The data in chart form. Data for the first 6 months is used to estimate the remainder of the year 2011.

While the first six months enplanements are down -2.36%, the month of June is down -5.5% total which could be an early indicator that the economy is softening again but it is too early to tell for sure.

(Update: Port of Seattle shipments have declined -10.3% starting in May and continuing in June. BNSF and UP are carrying roughly equal freight loads to one year ago as of a few weeks ago, and one year ago was considerably less than prior to 2008. Bulk shipments of coal and grain by rail are also down about -10% YoY. Combined with the local airport numbers, this does look like the possible start of a new downturn.)

The official press release concerning SIA:

Note the reference to the use of airport data as an indicator of the local economic situation in Spokane. Even the tiniest increase shows “the local economy continues to improve”. Odd, though, how all the decreases in airport usage and service apparently indicate no changes in the local economy!

Charter aircraft services out of SIA are down -46.3% since last year.  Charters have been below last year for 4 of the preceding 6 months, and sharply lower in June, with a decrease of -77%. But cargo is indeed up slightly, which is good.

It seems likely that 2011 passenger enplanements will be just below 2010, and 2012 is likely to be at or slightly below 2011 levels due to the loss of the Southwest flights to Seattle.
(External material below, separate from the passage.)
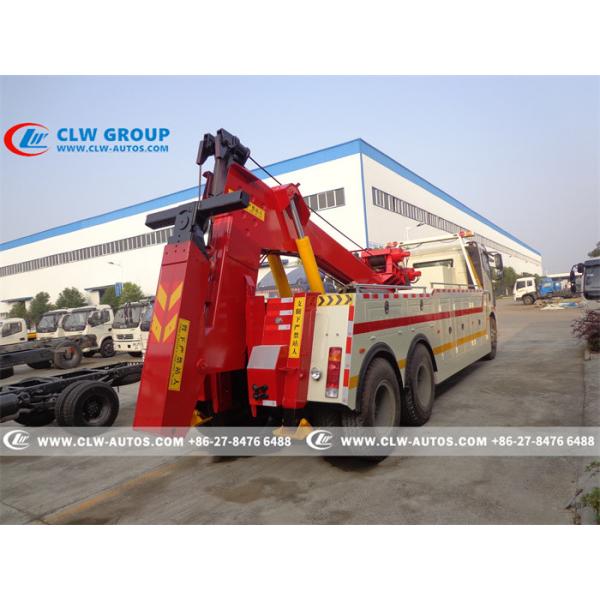 FAW 20tons Heavy duty wrecker Tow truck Breakdown lorry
But things could change for the better in 2012. While Alaska Air will add 2 flights to replace those lost by Southwest, Alaska will be flying smaller aircraft with just over 1/2 the seats that Southwest provided.

The official press release concerning Felts:

While June cargo at Felts Field is up for June, for the year, cargo through Felts Field is down -45%.

After a couple of months of good weather, we may have a better understanding as to whether the first half Felts Field traffic drop was due to weather or something else.

REMINDER: The airport is a proxy for the local economy. The fall off in flights, non-stop destinations and passengers is primarily a reflection of the local and national economy . The data suggest that Spokane’s economy is doing worse than elsewhere. The data presented do not mean that airport management is (presently) doing a bad job, although their PR spin is amusing.

Trend in Spokane “International” Airport Passenger Levels Versus National Air Passenger Levels

This picture was taken from the Spokane Intern...

Image via Wikipedia

Trend in passenger growth (or loss) at Spokane “International” Airport versus Total National Air Passengers.

In this chart, the national total has been re-scaled to start at the same point as the Spokane total in order to compare the local growth rate (or loss) with the national growth rate in air travel. The data for Spokane come from SpokaneAirports.net and the national data comes from the U.S. Bureau of Transportation Statistics. Ignore the Y-Axis numbers as they are meaningless in the trend comparison due to re-scaling.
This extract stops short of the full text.